● **Problem requirements**:
Drop the pictures and extract exactly the lines from the one that contains "The other NOC" through the end of the material.

● **Information provided**:
- - -
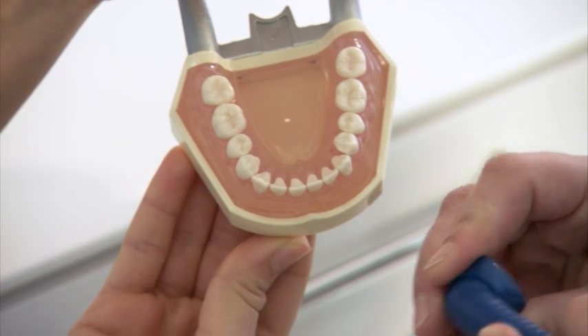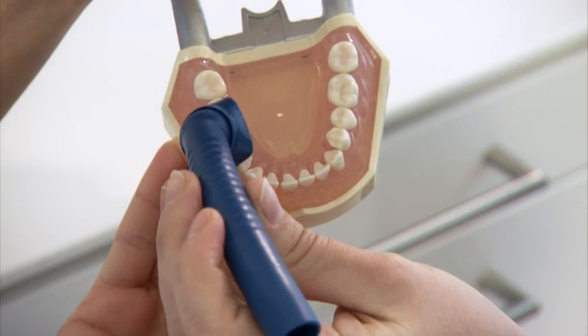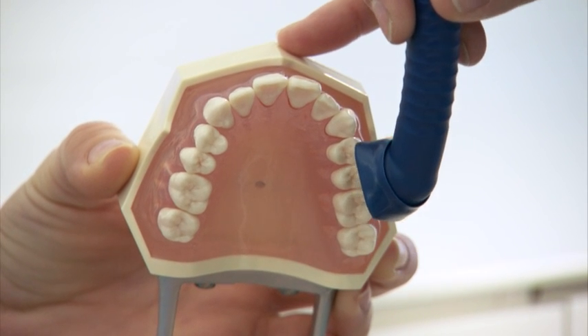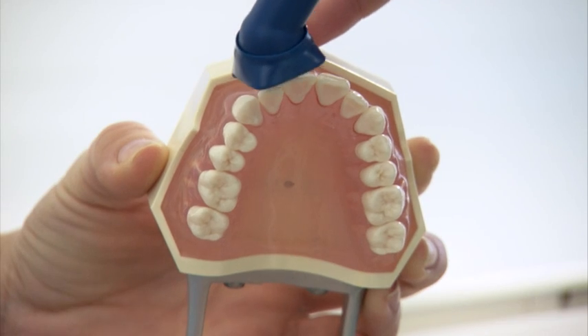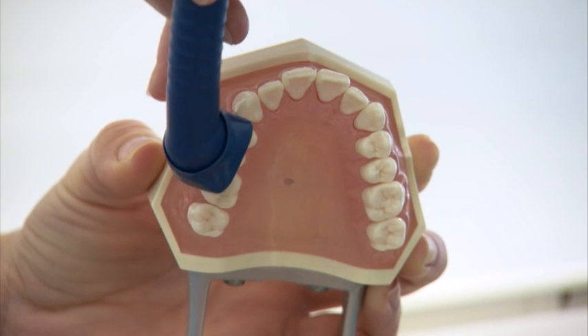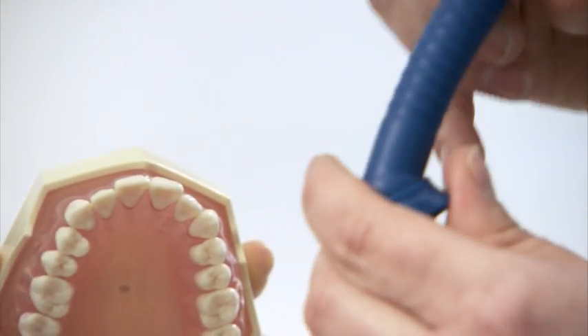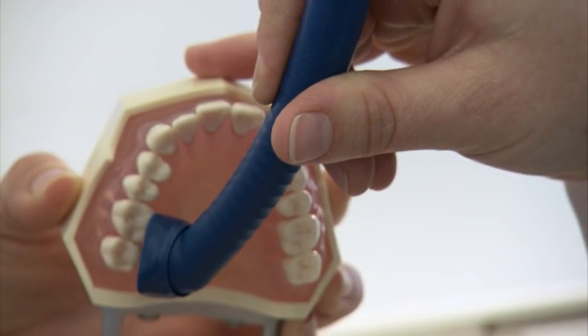When switching quadrants, the shield is relocated to the appropriate suction position to again ensure effective suction. The distinct side of the Prophylaxis cannula shield is also oriented and set towards the gingiva for treatment within the upper jaw. The flexibility of the shield again provides for an optimal suction position from buccal to palatal.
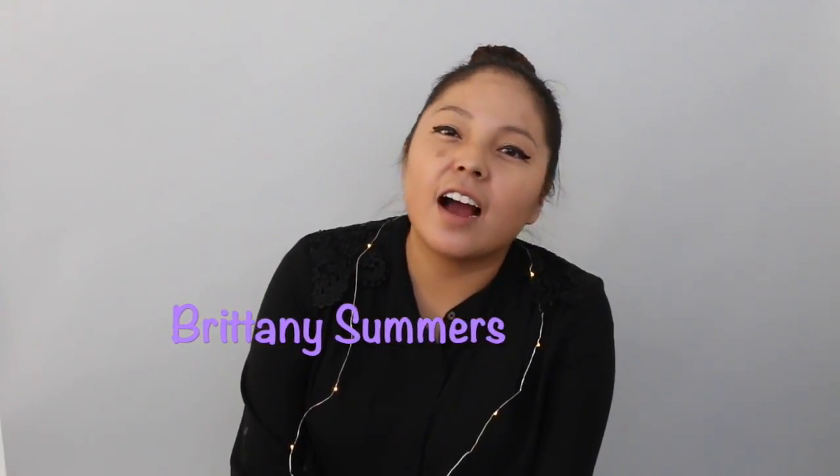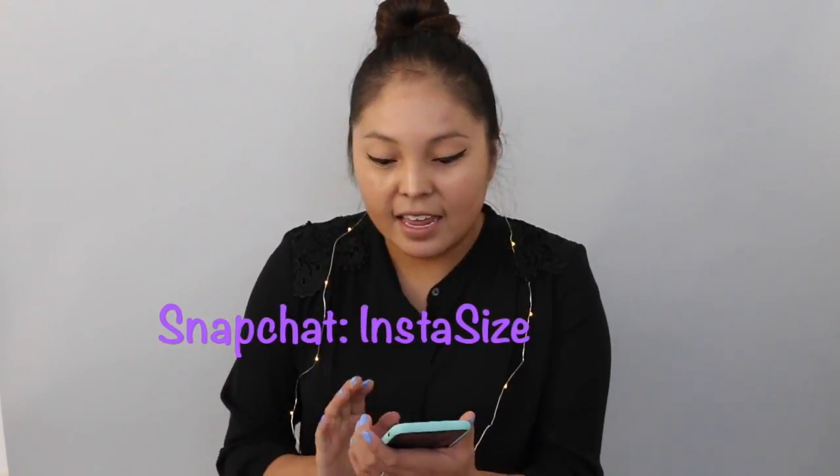Hey guys, my name is Brittany. I am the marketing coordinator. One thing that you may or may not have known is aside from working at Monkey, I am a part-time photographer. So today you're gonna come join me in editing a New Year's Eve photo shoot that Natasha and I did. Some of you may remember this if you follow us on Snapchat, and I will show you how I go through my editing process.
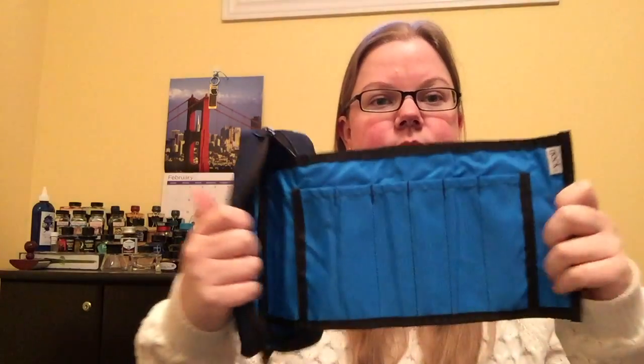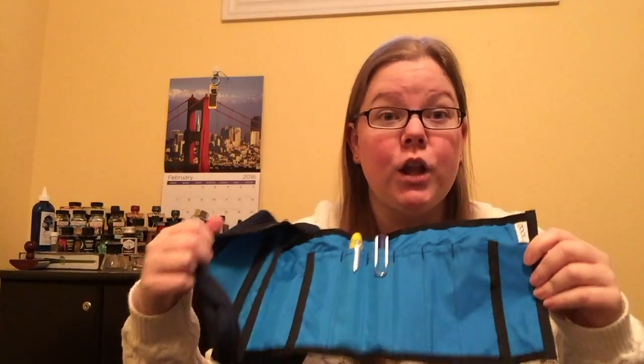The other NOC case I have is the Brasstown, also $35. Basically you pop your pens in anywhere along here, roll it up, and stuff it inside the pen case — which is convenient if you want to travel with any accessories like wax seals, silicone grease, extra converters, or a little bit of extra ink. You zip it up and you're good to go. I don't like to put my super expensive pens in here mainly because of the roll-up feature — it's not as secure — but it is certainly handy if you've got a lot of traveling to do.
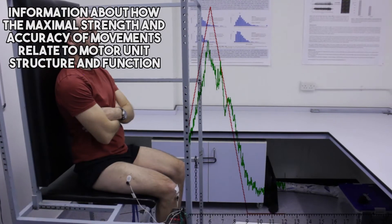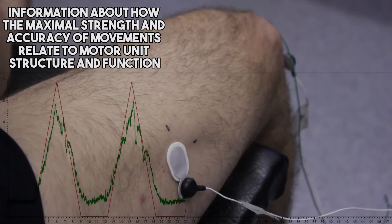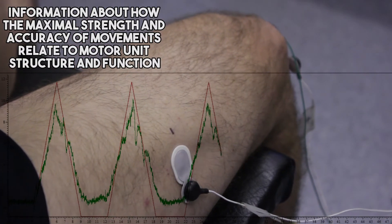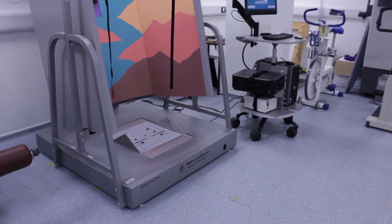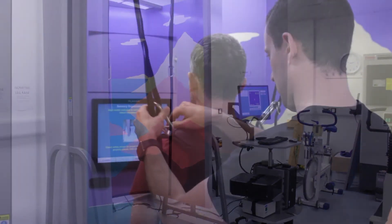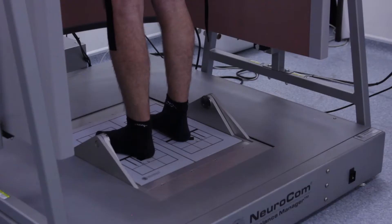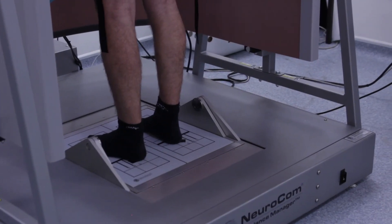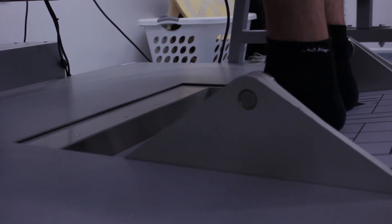The assessments completed here provide information about how the maximal strength and accuracy of movements relate to the motor unit structure and function. In more advanced tests, we can use this information to understand how people are able to stand upright, balance and complete normal daily movements.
- - -
● **Completed task**:
The other NOC case I have is the Brasstown, also $35. Basically you pop your pens in anywhere along here, roll it up, and stuff it inside the pen case — which is convenient if you want to travel with any accessories like wax seals, silicone grease, extra converters, or a little bit of extra ink. You zip it up and you're good to go. I don't like to put my super expensive pens in here mainly because of the roll-up feature — it's not as secure — but it is certainly handy if you've got a lot of traveling to do.
The assessments completed here provide information about how the maximal strength and accuracy of movements relate to the motor unit structure and function. In more advanced tests, we can use this information to understand how people are able to stand upright, balance and complete normal daily movements.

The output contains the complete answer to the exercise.